Teu pai manda um forte abraço e todos de casa enviam saudades. As crianças da
Maria Helena estão um amor. A empregada dela saiu para a Ana. Eu não fui mais a
Gigoia, mas logo que eu voltar do sítio irei se Deus
quiser. Aceite um forte abraço da tua mãe que muito o ama e reza pela tua
felicidade. Que Deus te ilumine na tua vocação e que Nossa Senhora te proteja e
livre de todos os perigos.
Beijos e abraços da mãe, Umbelina
1954 – EPSP-
18 anos. No dia 04 de março de 1954 perdi o meu querido pai. Ele que
dizia que ia viver até os 100 anos, morreu com um câncer fulminante no
pâncreas. Senti muito e até hoje fiquei impressionado com a sua partida. Morreu
no mesmo quarto e na mesma posição de cama que a Violeta. Com os filhos ao
redor e o Padre José Maria dando a última benção. Segurando nos pés do papai
que não paravam de se mexer, senti o frio ir caminhando para o centro do corpo
onde com respiração ofegante lutava pela vida. De repente tudo parou. Todos
começaram a chorar. Do quarto o Affonso gritou: “Voltou a respirar!” Todos
suspenderam o choro. Mas logo foi confirmada a morte mas
então o choro já não foi tão intenso. Será que não foi a última brincadeira do
Seu Zéca, considerado por todos um grande brincalhão?

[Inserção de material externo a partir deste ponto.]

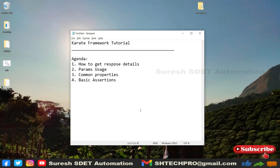Hello guys, welcome back again. This is Suresh from Mr. Automation channel. In this session, we're going to cover some advanced topics, or we can say continuation of the last session. In the last session, we discussed about the simple GET API request and we created one sample request URI and just verified it's working or not. So in this session,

Na Escola Preparatória eu gostava de estudar inglês. Não me saí bem em Física
ensinada pelo coronel Colucci, que tinha em um
caderninho todos os exercícios resolvidos. O professor de português Quintanilha chamava a nossa atenção pelo seu modo original
de dar aula. O capitão Ner revolucionou a educação
física introduzindo novos exercícios. O presidente da Sociedade Literária e
Recreativa era o Amazonas. Admirava uns
colegas que tinham namoradas bem bonitas e levavam uma vida de festas e
namoros. Eu ficava de fora pois não tinha nem roupa
nem dinheiro. Flertava com uma loirinha chamada Karin
que morava em um apartamento que se via lá da Escola. Como não queria voltar a
São Paulo por namoro, fiquei assistindo perto dela ao desfile do IV Centenário
de São Paulo na avenida Nove de Julho por duas horas sem tentar iniciar uma
conversa. Às vezes eu ia visitar o meu primo Gilberto e a Maria Helena que
moravam no Brooklin, perto do aeroporto. Sempre fui
muito bem tratado. Andava de bonde e de ônibus. Admirava o trabalho do prefeito
Jânio Quadros na recuperação dos bondes da CMTC. Admirava as grandes mansões da
avenida Paulista. Fazíamos as marchas a pé até o Morumbi, na época um grande
matagal onde fazíamos exercícios militares. No refeitório um garçom meu amigo
me dava as sobras de goiabada. Num fim de semana
entrei na garagem e liguei um jeep, batendo na
parede. O tenente Luiz quebrou o meu galho e não fui punido. Admirava o colega Waldeck que estudava depois do almoço e conseguiu ser o
primeiro passando o Teberge. Nesta época já havia televisão em São
Paulo. Nas noites frias de São Paulo dávamos serviço de sentinela usando uma
capa chamada pelerine. Gostava de tomar leite com groselha nos bares de esquina
à noite. Gastava o meu dinheirinho também na cantina da Escola comprando doces Confiança. Quando o Getúlio cometeu o suicídio ficamos
de prontidão. Eu permaneci na encosta que dá para a Avenida Nove de Julho
apontando um fuzil. Com um colega mineiro de Astolfo
Dutra, o Brás Defilippo aprendi a levantar peso.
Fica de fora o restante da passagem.